Możesz sprzeciwić się temu, że pozwolenie analitykowi na wybór czynności po obejrzeniu danych pozwala na przeregulowanie. Tak, ale dobry analityk pokaże wszystkie przeprowadzone analizy, wyraźnie powie, jakie informacje w danych wykorzystano do podjęcia decyzji analitycznych, i odpowiednio wykorzysta metody takie jak walidacja krzyżowa. Na przykład generalnie dobrze jest przekodować zmienne w oparciu o uzyskany rozkład wartości, ale wybranie do niektórych analiz 3 ze 100 predyktorów, które mają najbliższe zaobserwowane powiązanie ze zmienną zależną, oznacza, że ​​oszacowania powiązania będą dodatnie stronniczy, przez regresję do średniej. Jeśli chcesz dokonać wyboru zmiennych w kontekście predykcyjnym, musisz wybrać zmienne w zakładkach cross-validation lub użyć tylko danych treningowych.

Kodiolog
źródło
2
Uważam, że wiele z tego, co sugerujesz, pasuje do dziedziny eksploracyjnej analizy danych (EDA), dla której poparłem adaptacyjne metody analizy danych. Uważam również, że EDA jest niedoceniana i należy jej przypisać więcej uznania. Ale wszystko to jest ortogonalne w stosunku do pytania, które brzmi: „Czy ci autorzy naprawdę pozwolili nam wielokrotnie wykorzystywać dane walidacyjne do wyboru modelu w statystycznie prawidłowej metodzie?”. Twoje ostatnie zdanie sugeruje, że podobnie jak ja jesteś nieco sceptyczny wobec takich ustaleń.
Cliff AB
Nie sądzę, że np. Szacowanie jest z natury eksploracyjne, nie. Jeśli masz hipotezę naukową, która mówi, że maksymalna długość krokodyla musi wynosić 12 stóp i próbujesz oszacować maksymalną długość krokodyla, aby to sprawdzić, przeprowadzasz analizę potwierdzającą.
Kodiolog,
2
+1, pomimo trzech istniejących głosów negatywnych. Zgadzam się z głównym punktem tej odpowiedzi (twoje drugie zdanie), mimo że jestem w pełni świadomy, że jest ona dość kontrowersyjna. Ogólnie uważam, że różnica między analizą eksploracyjną a potwierdzającą jest przereklamowana; rzeczywiste analizy są często gdzieś pośrodku. To powiedziawszy, nie sądzę, abyś odpowiedział (lub nawet próbował odpowiedzieć) na pytanie OP, które dotyczyło Dworka i in. papier.

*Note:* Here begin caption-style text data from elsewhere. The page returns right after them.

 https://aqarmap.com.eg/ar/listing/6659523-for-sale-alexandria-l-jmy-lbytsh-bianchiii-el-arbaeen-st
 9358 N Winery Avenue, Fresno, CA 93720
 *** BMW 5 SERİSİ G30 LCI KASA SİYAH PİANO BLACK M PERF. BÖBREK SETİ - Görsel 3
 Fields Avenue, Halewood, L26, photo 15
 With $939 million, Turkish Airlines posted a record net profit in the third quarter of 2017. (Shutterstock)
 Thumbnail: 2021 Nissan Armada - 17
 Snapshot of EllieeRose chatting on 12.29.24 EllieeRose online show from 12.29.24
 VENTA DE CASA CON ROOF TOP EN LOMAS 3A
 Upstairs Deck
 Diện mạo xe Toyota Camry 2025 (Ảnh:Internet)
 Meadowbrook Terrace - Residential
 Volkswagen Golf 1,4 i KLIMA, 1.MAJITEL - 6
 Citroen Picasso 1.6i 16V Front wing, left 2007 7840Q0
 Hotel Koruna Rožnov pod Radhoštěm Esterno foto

ameba mówi Przywróć Monikę
@amoeba „Nie sądzę, abyś odpowiedział (lub nawet próbował odpowiedzieć) na pytanie OP dotyczące Dwork i wsp. papieru” - Prawda, choć nadal wydawało się to warte opublikowania jako odpowiedzi, ponieważ podważa to, co wydaje się być przesłanka pytania.
Kodiolog,
2
+1 do komentarza @ amoeba. Byłby to świetny komentarz do pytania, ale nie jest to odpowiedź.